Operations and appointments at some hospitals in Yorkshire have been cancelled after the international cyber attack targeted NHS trusts.
York Teaching Hospital NHS Foundation Trust, which runs hospitals in York and Scarborough, was forced to cancel some patient appointments over the weekend and today (Monday).
The cyber attacks, using malicious software to hold workers hostage by freezing their computers, started on Friday and first wreaked havoc on some 47 NHS organisations before spreading to more than 100 countries across the world.
In Yorkshire, bone operations and musculoskeletal appointments at hospitals in Scarborough, York and Selby were cancelled this weekend and some patients will still not be seen today after the trust's IT systems were affected by the WannaCry malware.
Hull and East Yorkshire Hospitals NHS Trust were also targeted on Friday but a spokesman said its IT department managed to prevent any significant impact.
A statement by the York NHS trust said appointments today have been cancelled for X-ray bone scans at Scarborough hospital, as well as all outpatient appointments at Selby Hospital except for blood-taking and musculoskeletal physiotherapy.
At Clifton Chapel in York, extended musculoskeletal physiotherapy services are also cancelled today.
The statement said: "All outpatient clinics at York Hospital, Malton Hospital, Bridlington Hospital are going ahead.
"Planned operations are also going ahead as scheduled.
"The situation will be reviewed daily and information will be shared regarding any cancellations to appointments and services later in the week."
The trust was forced to cancel operations of the weekend after the cyber attacks on Friday, which led to its radiology and pathology systems failing, and patients were urged to ensure it was an emergency before attending their A&E departments.
GP practices and Clinical Commissioning Groups (CCGs) across the UK, including some in Yorkshire, were also targeted and some GPs reportedly had no or limited access to patient histories during appointments.
NHS Digital, which is co-ordinating responses and guidance to the malware attack, said it was continuing to work "around the clock" with the National Cyber Security Centre to support NHS trusts affected by the cyber strike.
A spokesperson said: "In addition to providing 24/7 specialist support, we have issued a number of targeted bulletins to further support, guide and reassure NHS staff with cyber-security responsibilities in their organisations.
"NHS Digital is continuing to expand the range of data security services it offers in support of NHS organisations; helping them to take appropriate cyber security measures and respond effectively and safely to cyber security threats."
While many trusts across Yorkshire were unaffected, some were forced to suspend internet access to staff and block incoming external emails until software patches, which update a computers' immunity' were deployed.
Leeds and York Partnership NHS Foundation Trust and the Hull and East Yorkshire trust are continuing to suspend internet access to staff today.

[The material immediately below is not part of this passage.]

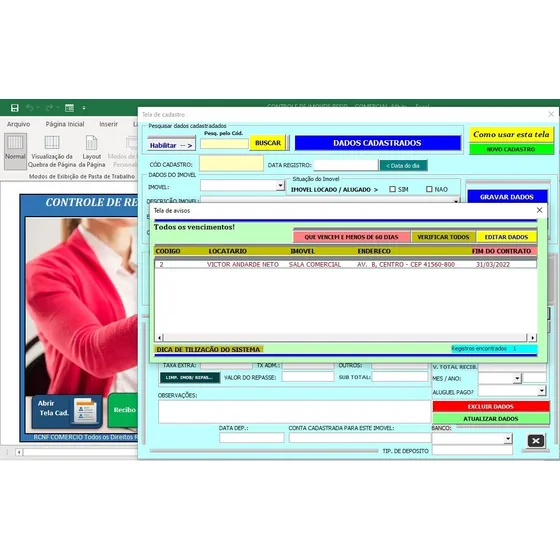 Sistema Feito Em Excel Controle De Imoveis E Recibos!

It comes as NHS Digital said that health trusts across England were sent details of an IT security patch that would have protected them from the crippling ransomware attack.
The health service has been rebuked over the weekend for using the outdated Windows XP operating system to store digital information, despite security updates for the software having been discontinued by Microsoft.
But NHS Digital said it had made health trusts aware last month of IT protection that could have prevented the attack.
It said in a statement: "NHS Digital issued a targeted update on a secure portal accessible to NHS staff on April 25, and then via a bulletin to more than 10,000 security and IT professionals on April 27 to alert them to this specific issue.
"These alerts included a patch to protect their systems. This guidance was also reissued on Friday following emergence of this issue."
The Prime Minister's spokesman said today that less than five per cent of NHS systems are still running Windows XP and that other Windows operating systems were also affected.
He said it was "too early to say" what the overall cost of the attack to public coffers would be..
In a statement on behalf of several Yorkshire CCGs, NHS England said the majority of GP practices are as usual today, but that some are "still bringing their IT and clinical systems back online" following the attack.
Patients have been warned that some practices may not yet have full access to records, prescriptions, appointments or telephone systems.
The statement said: "However, all GP practices will be using well-tested contingency plans to ensure that services can
continue to be provided.
"The NHS is asking patients to continue to use the NHS wisely and remember that they can seek help and advice from a range of other sources, such as pharmacies or 111."
People are being advised to attend pre-booked appointments as usual unless contacted directly.